Suddenly, Rihanna’s “Needed Me” plays in the background, and Rachel laughs as DeMario cries. Okay, neither of those things happened. But they should have! Rachel did not take DeMario back, and it was a celebratory moment for me. I found this model of conflict resolution in relationships refreshing, because we almost never see it, but we should.
In romantic comedies and reality television plot lines alike, viewers are confronted with a sexist trope about women in hetero relationships: that they owe their partners forgiveness when they mess up. Men betray women’s trust or fall short in some other way, and the women eventually forgive them and take them back into their lives. It’s another way to imply that women are the emotional gatekeepers in their relationships.
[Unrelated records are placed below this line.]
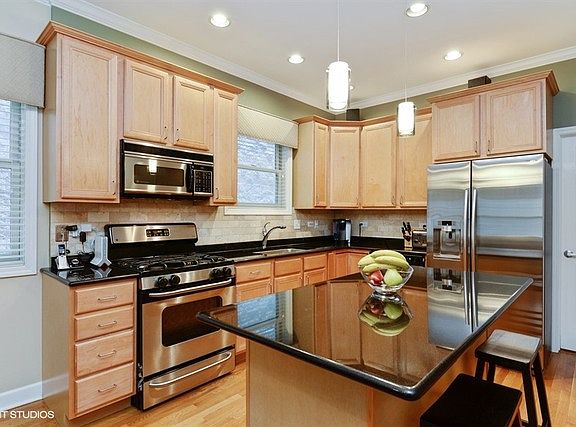 3rd image of 3630 N Damen Ave #1S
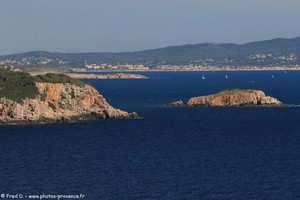 pointe des Engraviers, &icirc;le Rousse et pointe de la Cride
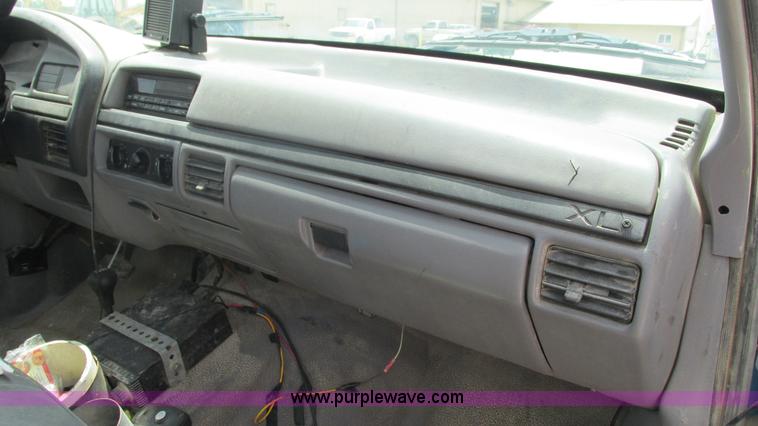 image for item J8544 1995 Ford F150 XL pickup truck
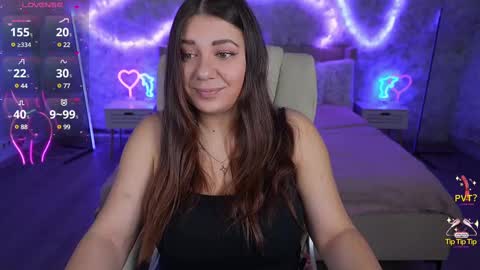 Snapshot of julietdream chatting on 10, 3, 2025 J U L I E T online show from 10, 3, 2025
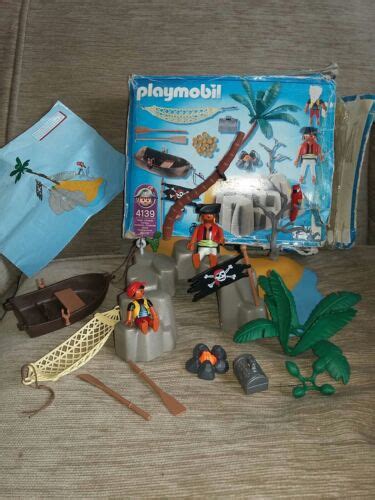 Playmobil Pirate Island 4139 Compact Set 2 Figures Parrot Treasure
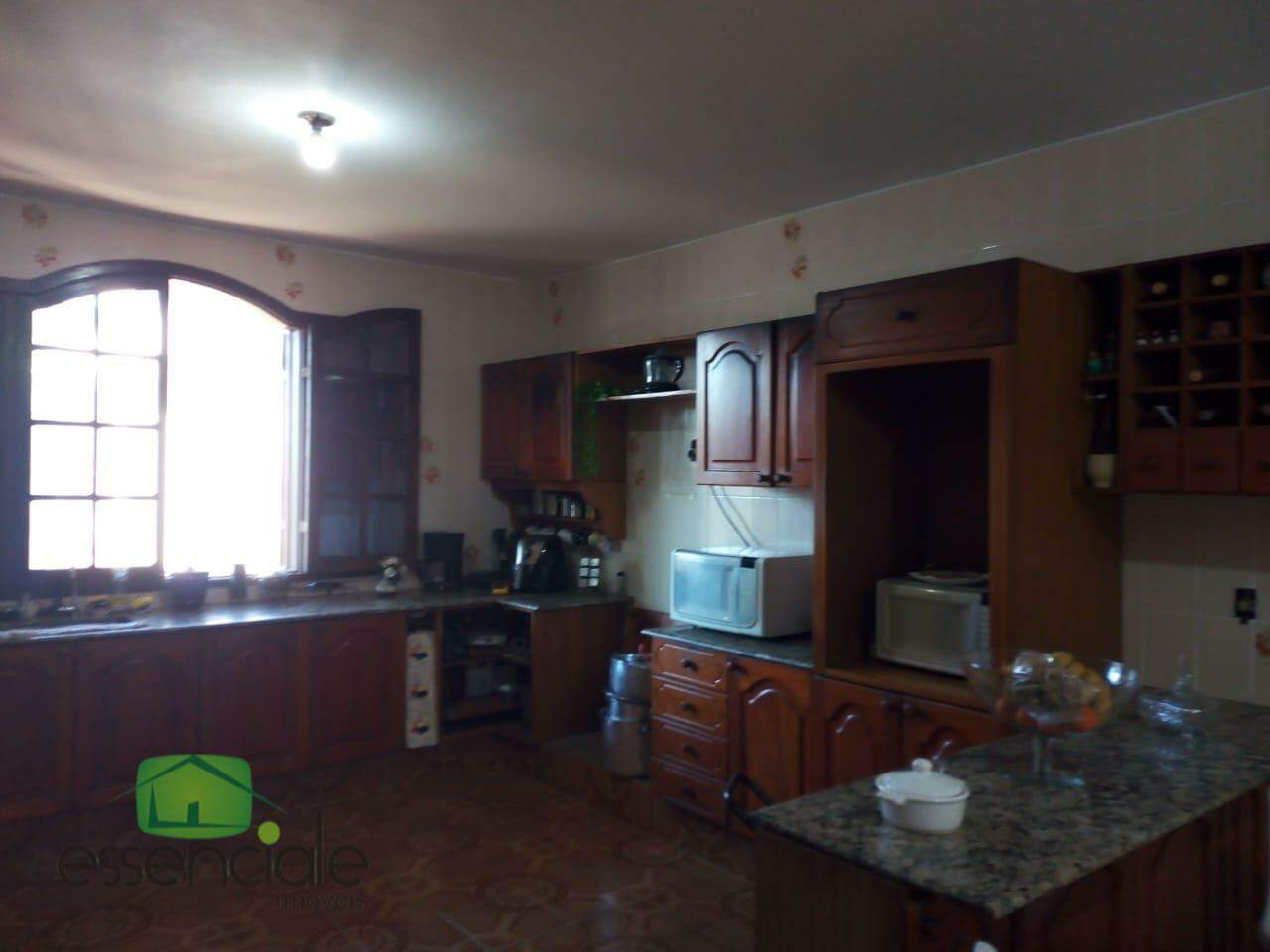 Alugo Casa 5 Quartos C/1 suíte e hidromassagem Jardim Riacho Contagem/MG - R$ 12.000,00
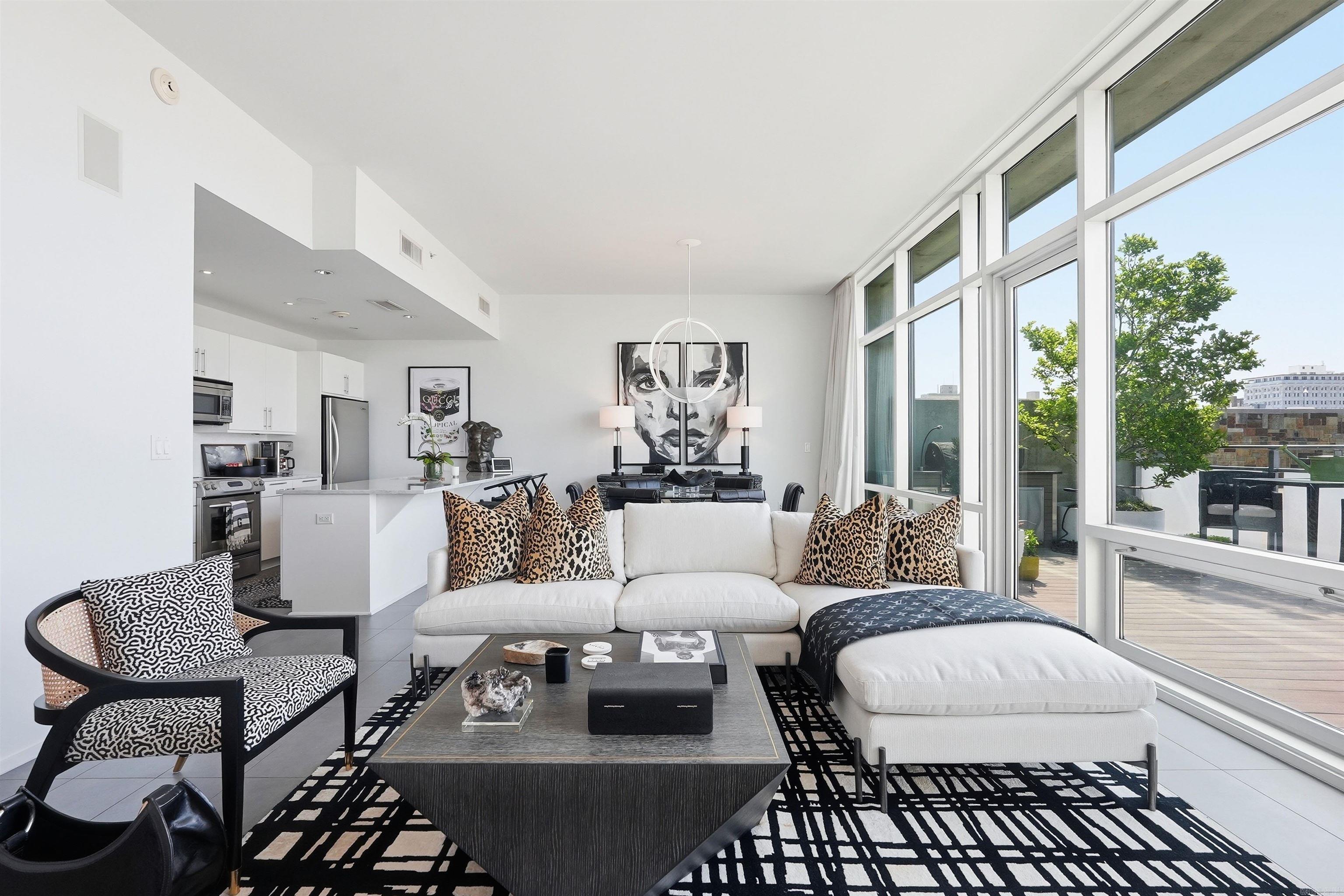 300 HPR - Residential Lease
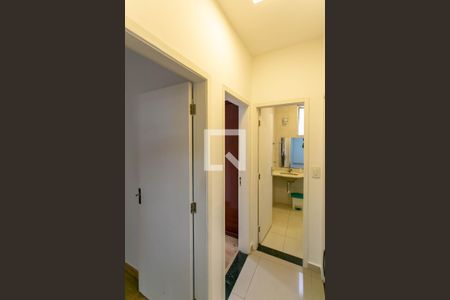 Corredor de apartamento para alugar com 3 quartos, 68m² em Indaiá, Belo Horizonte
This trope is especially true for Black women. In Lemonade, after all of the baseball bats are swung and the "sorrys" denied, Beyoncé still forgives Jay Z. Granted, Bey and Jay have way more history than any couple on the Bachelor franchise, a shared child, and about 1.6 billion reasons to make it work, but still. Black women who choose not to accept men after their indiscretions — at least once — are considered cold, guarded, or lacking the true feminine nature required of a woman who wants a relationship with a man. You can see this rhetoric played out in just about any of Tyler Perry’s Madea films, or in conversations about side chicks on Black Twitter.
I love that Rachel not only choses to reject DeMario, but that the rest of her suitors don’t hold it against her. All of the contestants understand her decision as a sign of strength and intelligence (granted, it's in their best interest to do so). Rachel makes it even clearer to the remaining men that she has no time for pettiness and insincerity when she denies roses to both Lucas
thank god and Blake during the ceremony.
Ultimately, Rachel is making decisions that we would applaud men for making if the roles were reversed. We need more examples of women putting themselves first and following their intuition in situations like this. It was a tough choice, but one we definitely needed to see.